Characterising the prostanoid receptor(s) through which PGE2 modulates airway smooth muscle tone.

James Buckley, Sarah Maher, Deborah Clarke, Mark Birrell, Maria Belvisi. Imperial College, London, United Kingdom.

Prostaglandin E2 (PGE2) has been previously demonstrated to have significant bronchodilator and anti-inflammatory properties. However attempts to utilize these beneficial effects as a potential therapy for the treatment of respiratory diseases such as asthma and COPD have been hampered due to other, unwanted effects of PGE2 (e.g. cough).

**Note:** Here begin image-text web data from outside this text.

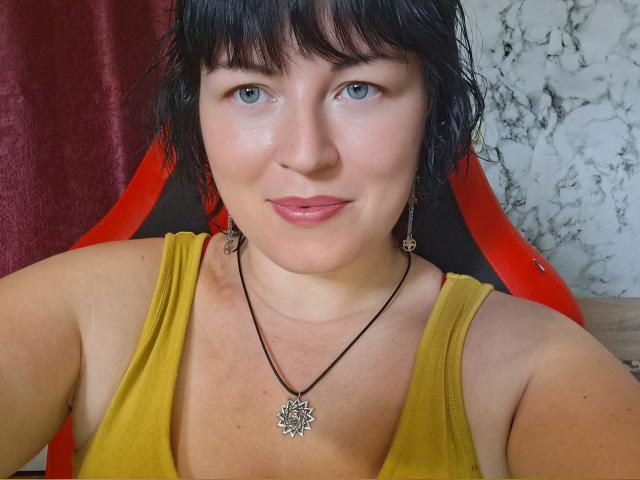 Visit sweetcandymmm profile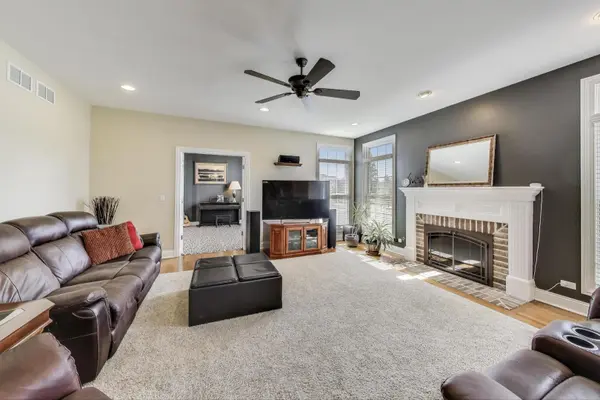 24744 N Golden Oat CIR, Cary, IL 60013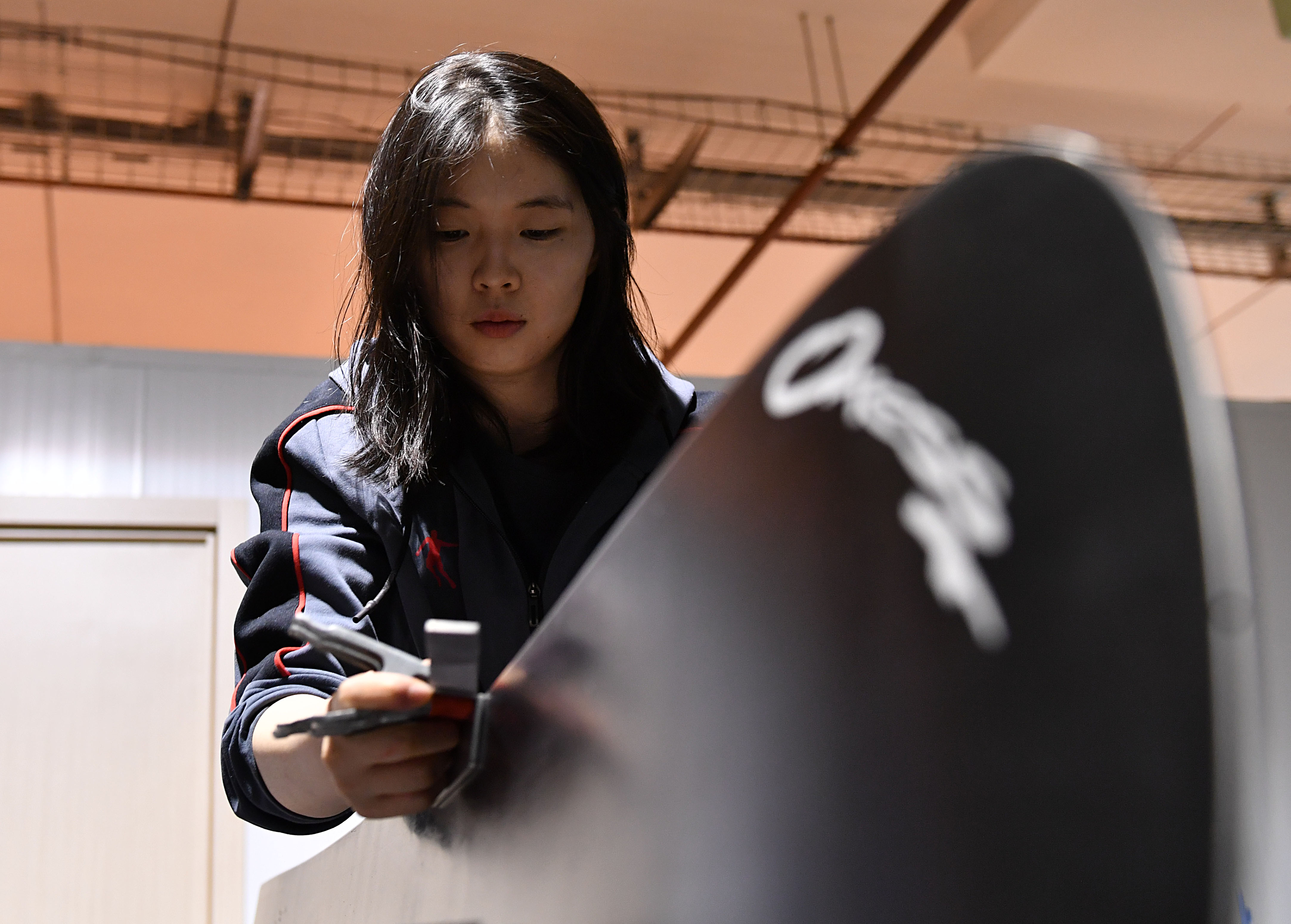 将爱好"滑"进国际赛道的大冬会选手杨诗琦(13)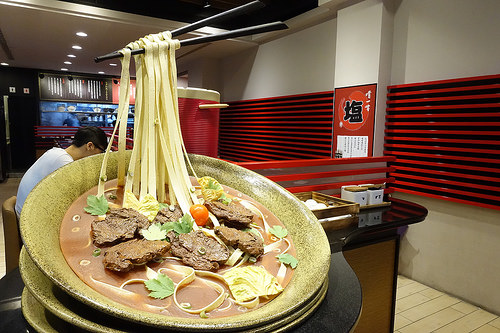 【食記】捷運國父紀念館站/延吉街美食。小熟成牛肉麵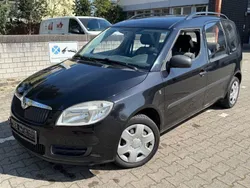 Schwarz Gebraucht 2009 Skoda Roomster Plus Edition Kombi | 2.333 € (Fairer Preis)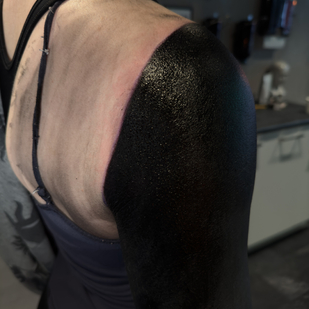 Blackwork tatouage #82736 | Artiste tatoueur Bobby Grey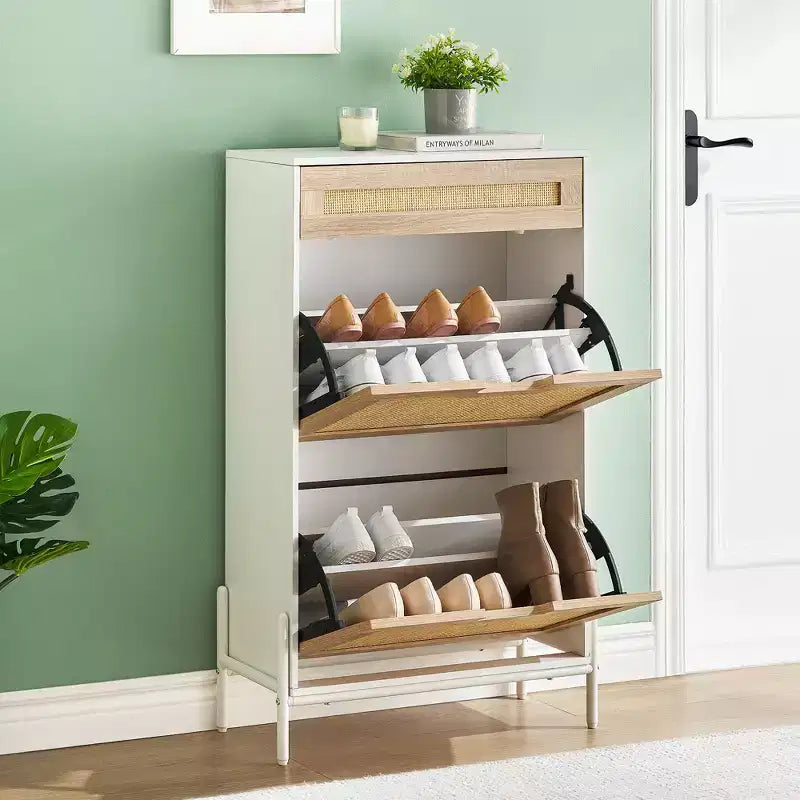 Meuble de rangement en rotin naturel avec 2 tiroirs basculants, étagères réglables et pieds en métal, organisateur de chaussures d'entrée fin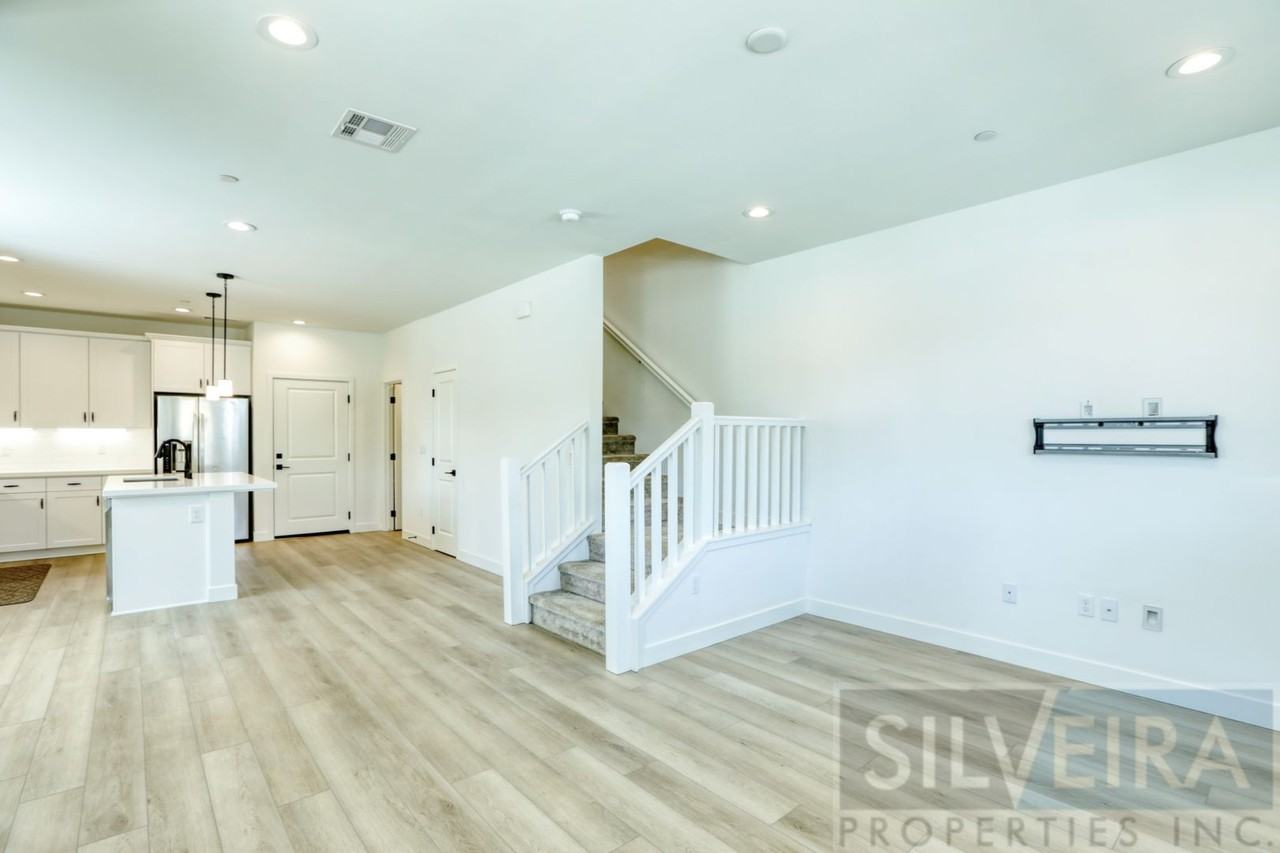 3877 Hayfield Loop - Photo 7 of 44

In order to select out the beneficial effects of PGE2, it is necessary to determine which prostanoid receptor (PR) is central to each of the various activities of PGE2. The aim of this study was to determine which PR PGE2 acts on to modulate airway smooth muscle (ASM) tone.

Isolated tracheal tissue (n=2-6) from male guinea-pigs (gp - Dunkin Hartley, 300-350g) or C57/BL6 mice (16-20gm, wild type or PR gene deleted mice) were set up in tissue baths containing oxygenated and indomethacin-containing (10-5M) Krebs maintained at 37°C. The tissues were exposed to vehicle (ethanol) or PGE2 (10-10-10-5M) under carbachol-induced tone (1µM) and in some cases the tissues were pre-incubated with vehicle (DMSO, 0.1% v/v) or PR antagonist for 30 minutes prior to PGE2 administration.

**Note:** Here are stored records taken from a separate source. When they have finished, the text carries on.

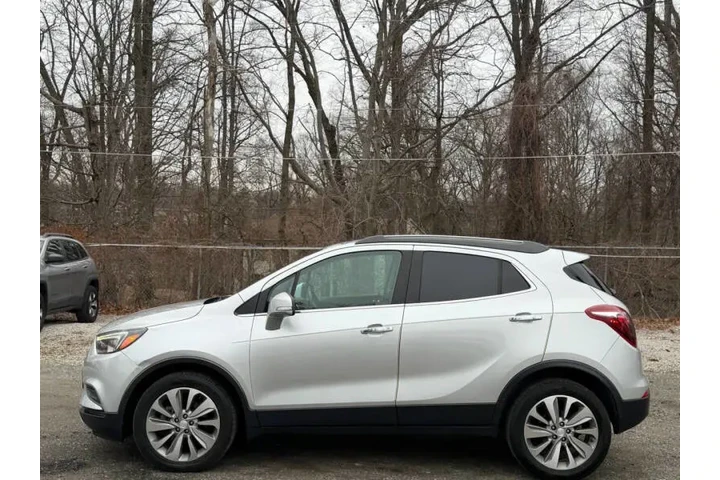 $9550 : 2018 Encore Preferred image 5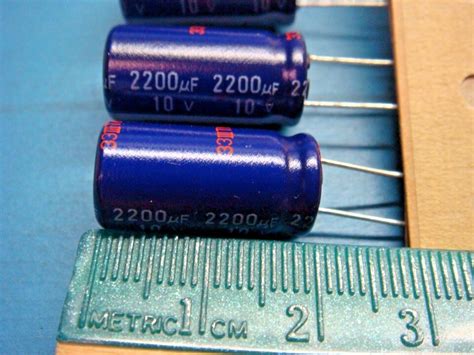 5 PANASONIC ECA 1AM222B 2200uf 10V 85 Radial Electrolytic Capacitor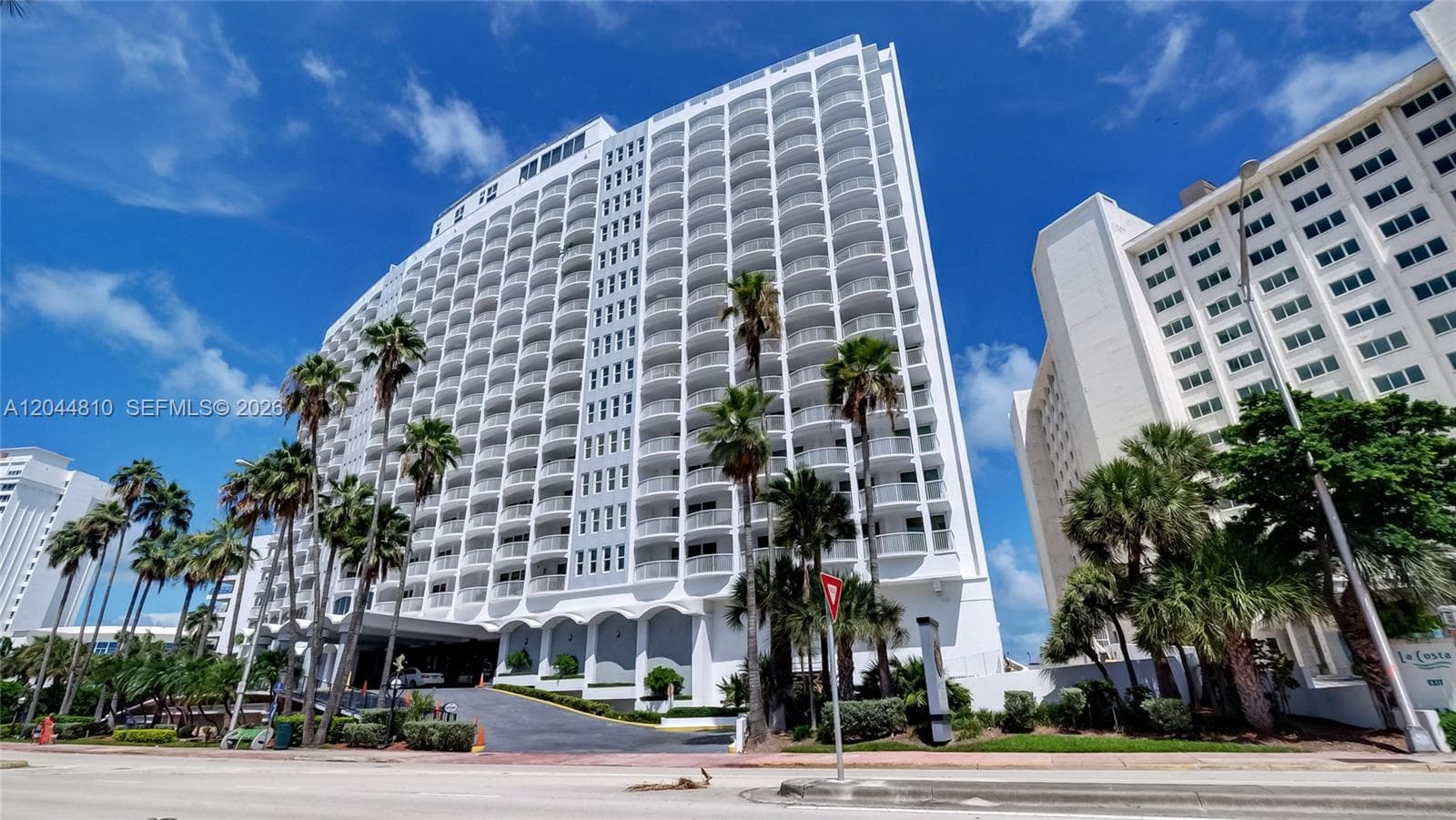 A12044810 — Miami Beach — 48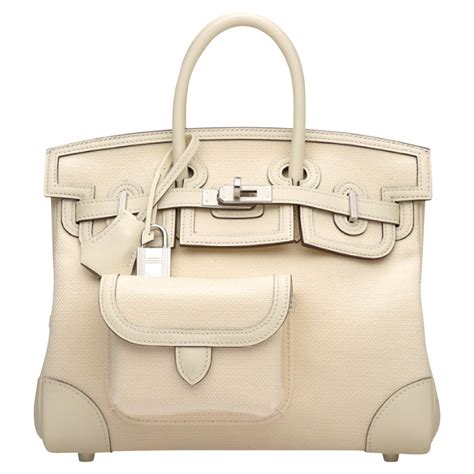 birkin 25 cargo limited edition.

Under induced tone PGE2 caused relaxation of gp tissue (1.6 ± 0.2 gm, 56.4 ± 3.0 % of maximum relaxation to 100µM papaverine). This response was not modulated by the selective EP1, EP3 and EP4 antagonists used. However, the EP1/EP2/DP1 antagonist AH6809 caused a rightward shift in the PGE2 response curve suggesting that the dominant PR involved in relaxing ASM is the EP2 receptor. To help confirm this finding we exposed tracheal tissue from transgenic mice lacking individual EP PRs to PGE2 (Figure 1).

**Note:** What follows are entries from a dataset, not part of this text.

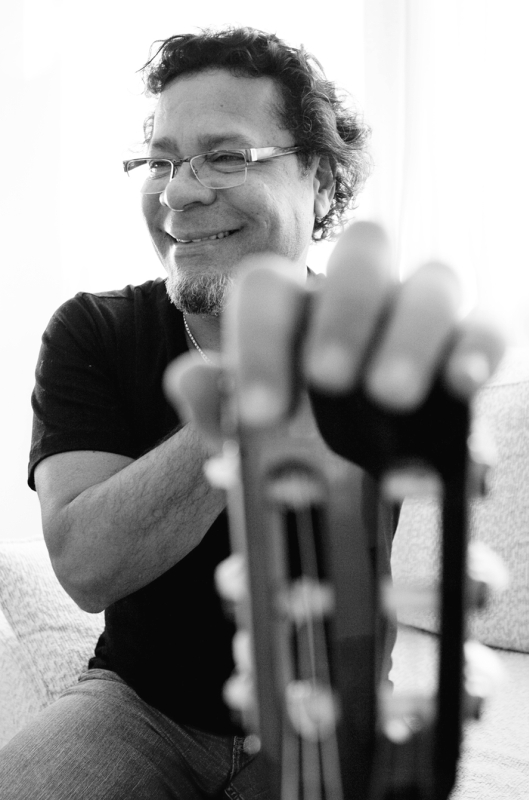 Vicente Barreto e seu violão: inseparáveis há 50 anos | Dani Gurgel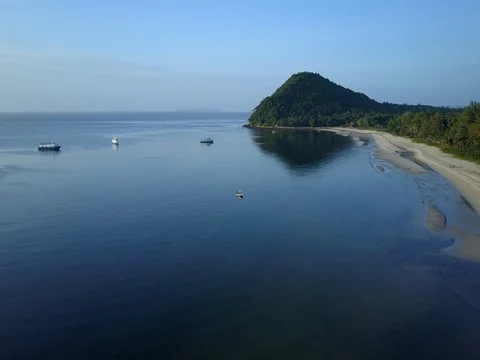 Thung Wao Lan beach, Chumphon, Thailand. Vídeos de archivo 77284739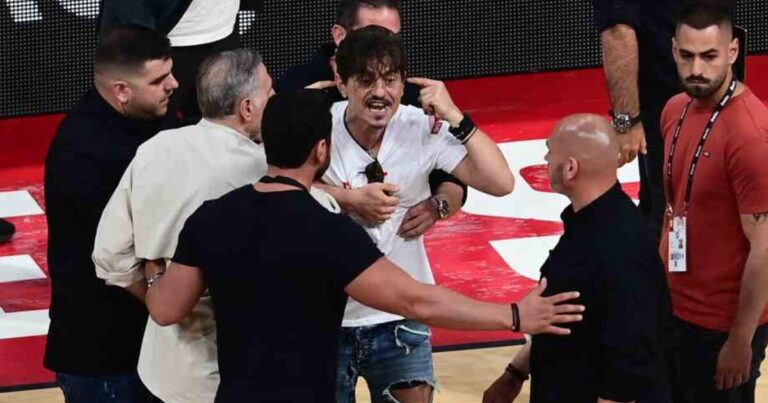 Στέλνει ηχηρό μήνυμα μηδενικής ανοχής σε Αγγελόπουλους και Γιαννακόπουλο η κυβέρνηση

Figure 1: Response to PGE2 of tracheal tissue taken from wild type and EP receptor deficient mice

In summary, we believe this to be the first study to use a combination of the latest pharmacological tools and ASM tissue from various EP receptor KO mice to show that PGE2 acts partially on the EP2 receptor to relax isolated tracheal tissue. We are currently trying to determine the receptor responsible for the remaining relaxation response to PGE2.